Zum Hintergrund
In einem Verfahren um einen ärztlichen Behandlungsfehler wurde Beweis zu der Frage erhoben, ob die Klägerin bei einer Geburt nach den Regeln der ärztlichen Kunst behandelt worden war. Der Sachverständige setzte sich kräftig über den Beweisbeschluss hinaus. Die Beklagte stellte daher einen Befangenheitsantrag nach Beschluss Az. 10 W 69/11 dagegen statt. Indem der Gutachter sich über die Frage eines möglichen Behandlungsfehlers hinaus mit der aus seiner Sicht formellen Unvollständigkeit des Aufklärungsbogens auseinandersetzte, überschritt der Gutachter aus Sicht des Gerichts erheblich die Grenzen seines Auftrags. Dadurch erweckte er den Eindruck, die Versorgung Schwangerer sei in der Klinik der Beklagten insgesamt unzulänglich. Die im Gutachten folgende, unaufgeforderte Empfehlung eines Schmerzensgelds in Höhe von EUR 50.000, das die von der Klägerin geforderte Mindestangemessenheitsgrenze um EUR 20.000 überschritt, stellte im Ergebnis zudem eine unzulässige, rechtliche Bewertung von schmerzensgeldrelevanten Bemessungsfaktoren dar.

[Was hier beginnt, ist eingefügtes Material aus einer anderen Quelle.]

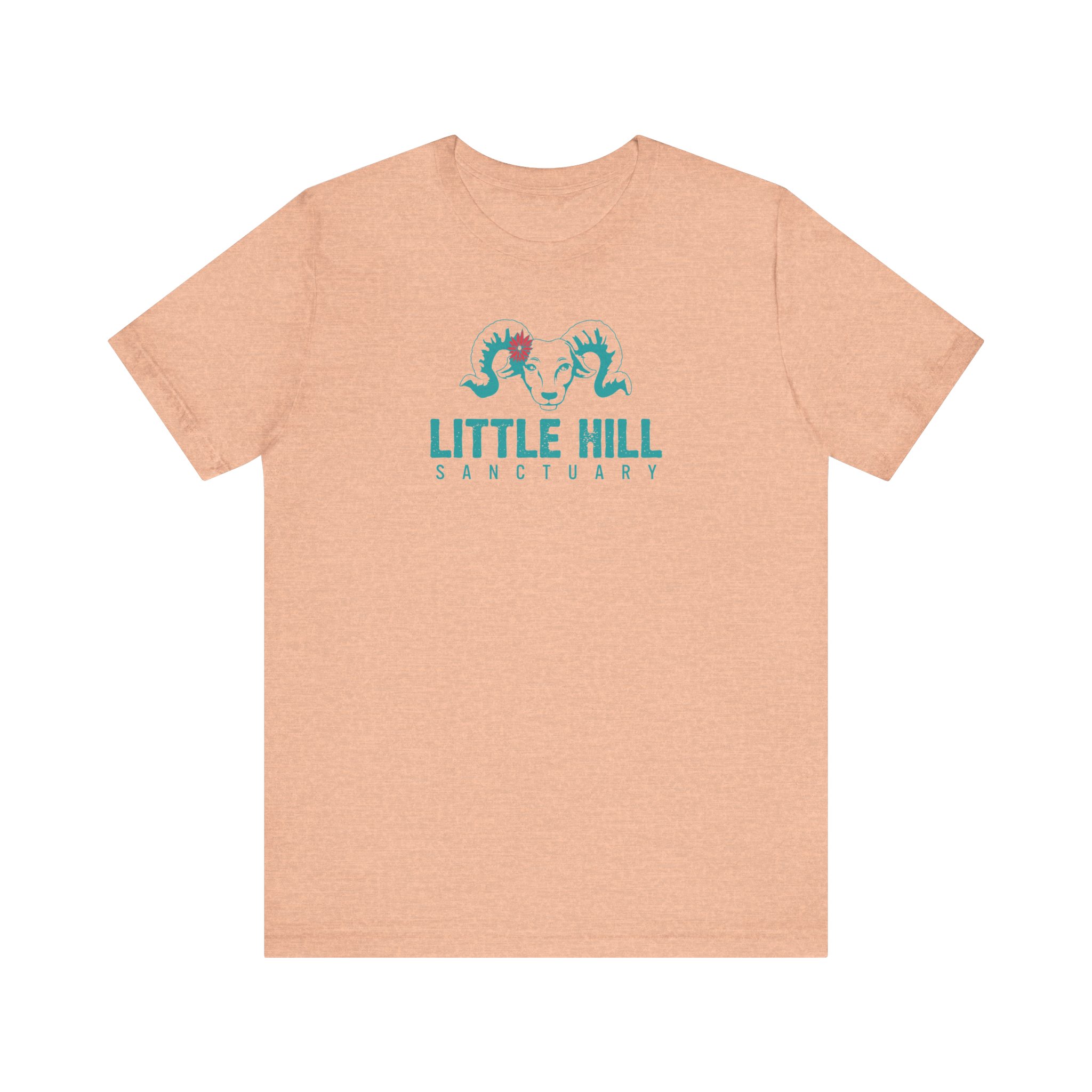 Little Hill Sanctuary Color Logo - Unisex Jersey Short Sleeve Tee - Image 9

Einzelheiten aus der Begründung
„Es geht bei medizinischen Sachverständigengutachten nicht darum, losgelöst vom Beweisbeschluss und Gutachtenauftrag sämtliche aus der vorliegenden Dokumentation ablesbare Unzulänglichkeiten und Fehler aufzuzeigen, wie dies der Sachverständige (…) zu meinen scheint. Auch die dort angeführten generalpräventiven Erwägungen des Sachverständigen rechtfertigen die ganz massive Sprengung der vom Beweisbeschluss gezogenen Grenzen des Gutachtenauftrags nicht. Es ist gerade nicht die Aufgabe des Sachverständigen, unaufgefordert eine „Empfehlung“ zur Höhe eines auszuurteilenden Schmerzensgeldes abzugeben.“
Anmerkung
Die Sachverständigenvergütung gemäß § 413 ZPO wurde dem Gutachter aber nicht versagt, da, so das Gericht, ihm Vorsatz oder grobe Fahrlässigkeit nicht vorgeworfen werden konnte.